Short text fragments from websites
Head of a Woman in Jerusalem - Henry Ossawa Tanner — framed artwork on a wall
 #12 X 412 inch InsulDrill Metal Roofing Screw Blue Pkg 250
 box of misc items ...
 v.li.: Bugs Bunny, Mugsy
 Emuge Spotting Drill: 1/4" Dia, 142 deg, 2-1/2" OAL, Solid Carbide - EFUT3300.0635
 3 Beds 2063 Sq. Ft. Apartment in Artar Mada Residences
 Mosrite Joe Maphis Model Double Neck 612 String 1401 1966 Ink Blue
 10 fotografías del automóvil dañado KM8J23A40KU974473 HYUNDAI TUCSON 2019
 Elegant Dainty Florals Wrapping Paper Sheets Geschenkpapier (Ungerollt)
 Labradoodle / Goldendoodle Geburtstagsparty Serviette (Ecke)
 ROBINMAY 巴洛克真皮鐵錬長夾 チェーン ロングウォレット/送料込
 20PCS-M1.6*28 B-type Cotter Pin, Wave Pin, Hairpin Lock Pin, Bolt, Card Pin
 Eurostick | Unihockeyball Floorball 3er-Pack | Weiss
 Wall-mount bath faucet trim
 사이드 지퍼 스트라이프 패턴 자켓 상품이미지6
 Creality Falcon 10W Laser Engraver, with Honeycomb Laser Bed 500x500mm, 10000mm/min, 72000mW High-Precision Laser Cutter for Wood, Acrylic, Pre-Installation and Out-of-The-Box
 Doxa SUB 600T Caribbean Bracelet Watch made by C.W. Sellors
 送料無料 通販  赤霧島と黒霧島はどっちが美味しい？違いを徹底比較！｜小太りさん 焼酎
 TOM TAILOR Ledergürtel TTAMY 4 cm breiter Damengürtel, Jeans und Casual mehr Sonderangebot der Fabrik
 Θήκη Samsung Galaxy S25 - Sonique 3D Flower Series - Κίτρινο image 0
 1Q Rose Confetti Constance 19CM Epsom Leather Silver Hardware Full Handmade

Goal of the exercise - Every line from the first entry to the line containing "Eurostick | Unihockeyball" should be transcribed exactly, and nothing beyond it.

Response area -
Head of a Woman in Jerusalem - Henry Ossawa Tanner — framed artwork on a wall
 #12 X 412 inch InsulDrill Metal Roofing Screw Blue Pkg 250
 box of misc items ...
 v.li.: Bugs Bunny, Mugsy
 Emuge Spotting Drill: 1/4" Dia, 142 deg, 2-1/2" OAL, Solid Carbide - EFUT3300.0635
 3 Beds 2063 Sq. Ft. Apartment in Artar Mada Residences
 Mosrite Joe Maphis Model Double Neck 612 String 1401 1966 Ink Blue
 10 fotografías del automóvil dañado KM8J23A40KU974473 HYUNDAI TUCSON 2019
 Elegant Dainty Florals Wrapping Paper Sheets Geschenkpapier (Ungerollt)
 Labradoodle / Goldendoodle Geburtstagsparty Serviette (Ecke)
 ROBINMAY 巴洛克真皮鐵錬長夾 チェーン ロングウォレット/送料込
 20PCS-M1.6*28 B-type Cotter Pin, Wave Pin, Hairpin Lock Pin, Bolt, Card Pin
 Eurostick | Unihockeyball Floorball 3er-Pack | Weiss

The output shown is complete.